The Wall, which is the latest permanent addition to the Shrine, had traveled around the country for many years. Ground-breaking was held Nov. 11, 2020, and construction was completed May 15, 2021. It is an 80% replica of the original wall in Washington, D.C. Its 70 aluminum panels, which stretch 360 feet from south to north, rest on a black colorized concrete base that is constructed to withstand 120-mph wind.
One of the speakers, Allen County Commissioner Nelson Peters presented a check from the county for $554,000. He pointed out that “the $6 million project is expected to draw around 240,000 visitors from the surrounding six states in the first year and be a big contributor to the Fort Wayne/Allen County economy.”
Following the unveiling, visitors to the Shrine immediately flocked to the Wall to search for names of relatives and friends listed among the 58,320 men and women who died in the Vietnam War. A total of 1,534 of them are from Indiana and 79 are from Allen County. Two stands holding lists of all the names and where to find them on the Wall are placed along the 8-foot-wide walkway in front of the monument.
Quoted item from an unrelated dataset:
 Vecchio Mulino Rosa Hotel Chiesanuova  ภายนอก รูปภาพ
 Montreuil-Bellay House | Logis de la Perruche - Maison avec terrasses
Some visitors came prepared with paper and pencils to make a stencil of the name of their honored veteran.
Names of those who made the ultimate sacrifice are listed starting in the middle of the Wall on the tallest panels by the date they died and going down to the smallest panels at the south end. They restart then at the north end and go toward the middle with those who died at or near the end of the war listed in the panel next to those who died at the beginning of the war.
Second Vice Commander Eric Johnson and First Vice Commander Pat Fraizer served as masters of ceremonies and introduced a host of speakers who were involved in the development and construction of the Wall. They included Mark Hagerman, chairman emeritus of Hagerman Group; Doug McKibben, president and CEO of Glenbrook Automotive Group; and Urban Ley, superintendent of Crosby Excavating. All expressed their pride in the men and women who made the ultimate sacrifice and the importance of the Wall that honors their memory.
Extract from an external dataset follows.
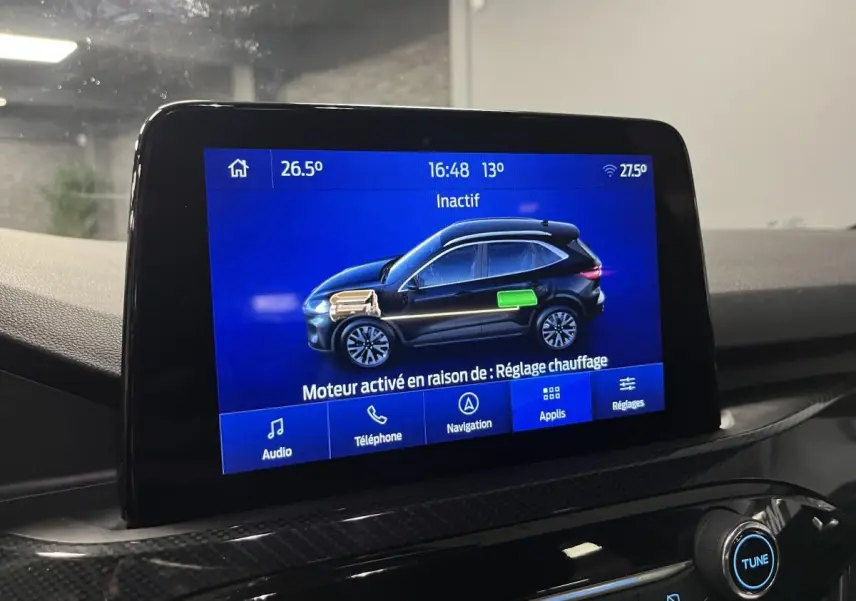 Écran tactile intérieur montrant une illustration latérale noire du Ford Kuga avec indication moteur et batterie.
Many people took the opportunity (for a $100 donation) to ride in one of the two American Huey 369 Organization helicopters brought in from Peru, Indiana, for the weekend. Vietnam re-enactors were on site for the weekend, as well.
The national anthem was sung by Angi Newkirk, Chaplain Marc Tjaden led the prayer, the Mizpah Shrine Bagpipers played “Amazing Grace,” Marine Corps lifetime member Victor Alvarez played taps and the American Legion Band of Fort Wayne played a variety of patriotic music.
Because of a lack of parking spaces at the site, visitors parked for free at BAE Systems on U.S. 30 and were shuttled to the Shrine for the dedication.
The Veterans National Memorial Shrine and Museum, at 2122 O’Day Road, also will host events on June 14 — Army birthday and Flag Day — and July 4, Independence Day.
The grounds are open 24 hours a day, 7 days a week. Museum hours are Sunday, Monday, Thursday and Saturday, 11 a m.-3 p.m.
Admission to the museum and grounds is free; however, donations are gratefully accepted.